Thank you all for your kind and quick replies. I did take a fecal sample into the vet today as she had more diarrhea this morning, which I could have predicted. BUT, it was a little more solid (if there's a consistency between mud and water, that'd be it...maybe like a creamy soup......have i ruined everyone's day yet? :smile: just kidding, i know none of you are scared off by poop!) Regardless, the vet suggested another fast too and when he saw the grimace I made when he said it, he said "Jill, it'd be like trying to put out a fire with gasoline." Which again....makes sense. I know my girl, and I know fasting is the only trick for her -- though thank you, chowder for your suggestion -- I will definitely get some immodium for the future as the vet said it would be okay (never tried that one).

He thinks that it's just the transition to raw.....well, not the transition itself but the fact that treats got involved.  Boy do I feel like a bad mama for not putting it together sooner...or for not denying her any treats altogether....(even if they seemed impossible for her lazy self to get at -- she did not get any treats aside from this). 

I will keep you all updated...but thanks for being my life line in a scary time. I appreciate you all so much.

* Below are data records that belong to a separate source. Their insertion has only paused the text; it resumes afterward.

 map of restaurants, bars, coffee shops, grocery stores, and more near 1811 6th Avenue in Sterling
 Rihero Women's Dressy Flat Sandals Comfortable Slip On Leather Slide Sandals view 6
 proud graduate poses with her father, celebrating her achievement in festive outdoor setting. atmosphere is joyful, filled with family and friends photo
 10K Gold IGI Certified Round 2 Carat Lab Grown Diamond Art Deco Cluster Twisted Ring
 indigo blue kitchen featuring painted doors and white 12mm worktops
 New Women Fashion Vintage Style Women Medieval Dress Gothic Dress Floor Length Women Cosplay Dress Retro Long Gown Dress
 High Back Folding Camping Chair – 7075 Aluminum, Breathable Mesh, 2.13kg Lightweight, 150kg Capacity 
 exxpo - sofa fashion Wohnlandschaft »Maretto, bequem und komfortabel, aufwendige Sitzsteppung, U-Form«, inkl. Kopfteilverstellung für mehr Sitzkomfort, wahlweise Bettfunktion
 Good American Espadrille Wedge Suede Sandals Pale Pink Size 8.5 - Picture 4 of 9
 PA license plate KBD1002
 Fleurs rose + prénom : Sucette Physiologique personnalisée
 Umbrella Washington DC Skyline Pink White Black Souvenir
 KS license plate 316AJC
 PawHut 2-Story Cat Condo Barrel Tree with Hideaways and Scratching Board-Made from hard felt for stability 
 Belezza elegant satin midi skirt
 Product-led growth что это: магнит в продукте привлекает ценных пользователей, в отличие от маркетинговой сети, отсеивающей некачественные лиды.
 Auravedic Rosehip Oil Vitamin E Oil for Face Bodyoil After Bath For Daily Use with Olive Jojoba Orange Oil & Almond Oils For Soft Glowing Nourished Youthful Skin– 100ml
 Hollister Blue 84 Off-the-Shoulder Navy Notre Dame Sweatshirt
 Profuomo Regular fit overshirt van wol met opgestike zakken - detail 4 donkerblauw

Group hug! :grouphug:


----------



## minnieme

Btw, fecals just came back negative for any parasites/bacteria


----------



## magicre

i said it in private message and i'll say it again.
her poo is getting less watery and more solid, though not at all where you want it.

from watery to soupy is a positive sign.

slippery elm does not just quell nausea, it coats the intestinal lining and the gastric lining....

i really feel you are on the right track.....the stools are less than they were before the last bout of zuke's treats and they are soupy, which is a step in the right direction.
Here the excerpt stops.